The time-honoured hall, much the oldest part of the College, and once the refectory of Broadgates (the kitchen was in the S.W. corner of the Old Quadrangle) was now made the College Library. The long room over Docklington’s aisle in St. Aldate’s was on the foundation of Pembroke repaired at Dr. Clayton’s expense, and used once more for the reception of books presented by various donors, though Wood says that for some years before the Great Rebellion it was partly employed for chambers. The books certainly were at first few. Francis Rous, one of Cromwell’s “lords” and Speaker of the Little Parliament, who founded an Exhibition, “did intend to give his whole Study, but being dissuaded to the contrary gave only his own works and some few others.” But in 1709 Bishop Hall, Master of Pembroke, bequeathed his collection of books to the College, and a room was built over the hall to be the College library. When the hall became the library in 1848 this room, Gothicized, was converted to a lecture-room. From 1709 the “chamber in St. Aldate’s” was used no more, and this extremely ancient Civil Law School and picturesque feature of the church has now unhappily been demolished. A Nuremburg Chronicle among Dr. Hall’s books is inscribed by Whitgift’s hand, and a volume of scholia on Aristotle has the autograph, “Is. Casaubonus.” Here also are Johnson’s deeply pathetic Prayers and Meditations, in his own writing.

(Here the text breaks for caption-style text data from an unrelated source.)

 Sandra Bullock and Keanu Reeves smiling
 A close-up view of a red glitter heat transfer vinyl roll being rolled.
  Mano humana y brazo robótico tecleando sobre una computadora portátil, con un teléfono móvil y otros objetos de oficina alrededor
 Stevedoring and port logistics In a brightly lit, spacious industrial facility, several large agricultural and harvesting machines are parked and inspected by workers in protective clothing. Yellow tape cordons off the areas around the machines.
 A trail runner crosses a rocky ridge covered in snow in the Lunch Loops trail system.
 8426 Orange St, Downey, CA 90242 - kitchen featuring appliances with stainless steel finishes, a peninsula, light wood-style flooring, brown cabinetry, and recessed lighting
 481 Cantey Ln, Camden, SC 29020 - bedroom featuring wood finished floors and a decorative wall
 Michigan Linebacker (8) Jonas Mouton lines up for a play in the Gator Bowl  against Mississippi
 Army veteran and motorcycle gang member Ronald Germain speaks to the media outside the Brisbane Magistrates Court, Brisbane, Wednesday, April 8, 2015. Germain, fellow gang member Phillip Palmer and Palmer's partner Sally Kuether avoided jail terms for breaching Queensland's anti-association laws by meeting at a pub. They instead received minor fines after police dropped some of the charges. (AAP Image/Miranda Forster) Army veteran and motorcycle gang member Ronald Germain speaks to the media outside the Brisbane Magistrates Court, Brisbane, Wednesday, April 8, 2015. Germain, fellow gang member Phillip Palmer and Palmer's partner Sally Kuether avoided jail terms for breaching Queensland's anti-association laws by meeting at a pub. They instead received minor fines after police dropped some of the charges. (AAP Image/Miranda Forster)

The Pembroke library has recently been fortunate enough to acquire by gift from a lady to whom they were bequeathed[326] the unique collection of Aristotelian and other works made by the late Professor Chandler, Fellow of the College, and galleries were added last year (1890). The transverse portion of the room, which is shaped like the letter T, was built in 1620 by Dr. Clayton, four years before Broadgates Hall became Pembroke College. A book of contributors (headed “Auspice Christo”) is extant, and has the signatures of Pym and of “Margaret Washington of Northants,” kinswoman of the famous Virginian.

In 1824, on the occasion of the “Bicentenary” of the College, when Latin speeches were delivered, the windows were enlarged and filled with glass by Eginton, and the blazoned cornice added at a cost of £2000. But the room is the same one in which Johnson (whose bust by Bacon is here) dined and abused the “coll,” or small beer, which he found muddy and uninspiring to Latin themes—

“Carmina vis nostri scribant meliora poetae?

Ingenium jubeas purior haustus alat.”